Chapter 5
Sandwich Theory
Gavin
The bass from downstairs vibrates through my floor.
Thursday night at Delta Psi, which means Drew's orchestrating another mandatory bonding session. He’s been talking about "brotherhood cohesion" and "shared experiences.
" Pretty sure he pulled that from the same management book he quotes during chapter meetings.
BANG BANG BANG.
"Gavin! Get down here and vote!" Tyler's fist hammers my door hard enough to rattle the frame. "We need you to break the tie!"
"Busy!" I call back, staring at my Psychology of Human Sexuality textbook like it holds the secrets of the universe. Which, considering my current situation, maybe it does.
"It's Predator versus Pitch Perfect!" he yells through the door. "Come on, man!"
I blink at my door. "How did those even become the choices?"
"Democracy is messy, bro! You coming or not?"
"Twenty minutes!"
"Fine! But if I have to watch another shirtless Arnold scene without backup, you're dead to me!"
His footsteps retreat down the hall, leaving me with my textbooks spread across my desk while I ask myself so many questions.
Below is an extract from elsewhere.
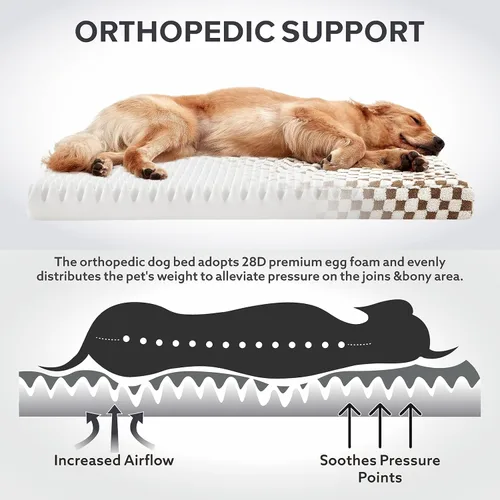 Vista 3 de JOEJOY Cama para Perros Medianos, Cama Ortopédica Grande para Perros con Funda Lavable Extraíble, Linda Cama de Felpa Moderna y Espuma Viscoelástica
My notebook lies open, headers written in my most academic handwriting:
Write it up like any other paper, research, and conclusions… You can do this.
Behavioral Patterns Indicating Potential Same-Sex Attraction: A Clinical Self-Assessment
Right next to it, my laptop displays a significantly less clinical page, ‘Which Taylor Swift Era Represents Your Sexuality?’
Fuck. How did I get here?
Ten minutes ago, I was reading about the Kinsey Scale, taking notes like a proper psychology major. Scientific approach. Objective analysis. Then somehow, and I'm still not clear on the exact chain of events, I'd typed "am I gay quiz" into Google and fallen down the scariest rabbit hole of my life.
Now my browser history is a crime scene of increasingly desperate searches:
"Kinsey scale test legitimate"
"Questioning sexuality at 23 normal?"
"Can you be straight but think about men sometimes?"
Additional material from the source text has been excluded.